On August 26, Laurens reported to General Mordecai Gist near the Combahee River. Gist had learned that 300 British troops under Major William Brereton had already captured a ferry and crossed the river, in search of rice to feed their garrison. Gist sent a detachment with orders to attack the British before sunrise the next morning. Laurens was given orders, at his own request, to take a small force further downriver to man a redoubt at Chehaw Point, where they could fire on the British as they retreated.

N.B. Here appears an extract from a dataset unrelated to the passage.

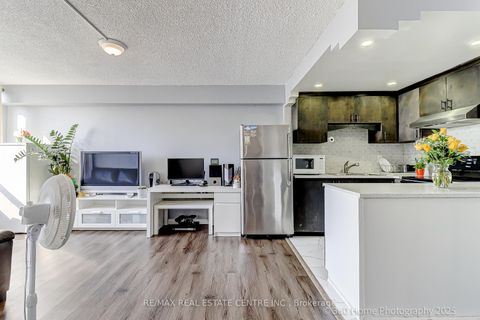 Photo 11 at 1108 - 200 Lotherton Pathway, Glen Park, Toronto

Laurens and his troops stopped for the night at a plantation house near the Combahee River. Laurens got little or no sleep, instead "spending the evening in a delightful company of ladies... [and] turned from this happy scene only two hours before he was to march down the river". With his command, Laurens left the plantation at about 3 o'clock on the morning of August 27.

Leading a force of fifty Delaware infantrymen, and an artillery captain with a howitzer, Laurens rode toward Chehaw Point. However, the British had anticipated their maneuvers; before Laurens could reach the redoubt, 140 British soldiers had prepared an ambush along the road, concealed in tall grass about one mile from his destination.

When the enemy rose to fire, Laurens ordered an immediate charge, despite the British having superior numbers and the stronger position. Gist was only two miles away, and quickly approaching with reinforcements. According to William McKennan, a captain under Laurens's command, Laurens appeared "anxious to attack the enemy previous to the main body coming up," gambling that his troops, "although few in numbers, [would be] sufficient to enable him to gain a laurel for his brow" before the end of the fighting. McKennan's opinion was that Laurens "wanted to do all himself, and have all the honor."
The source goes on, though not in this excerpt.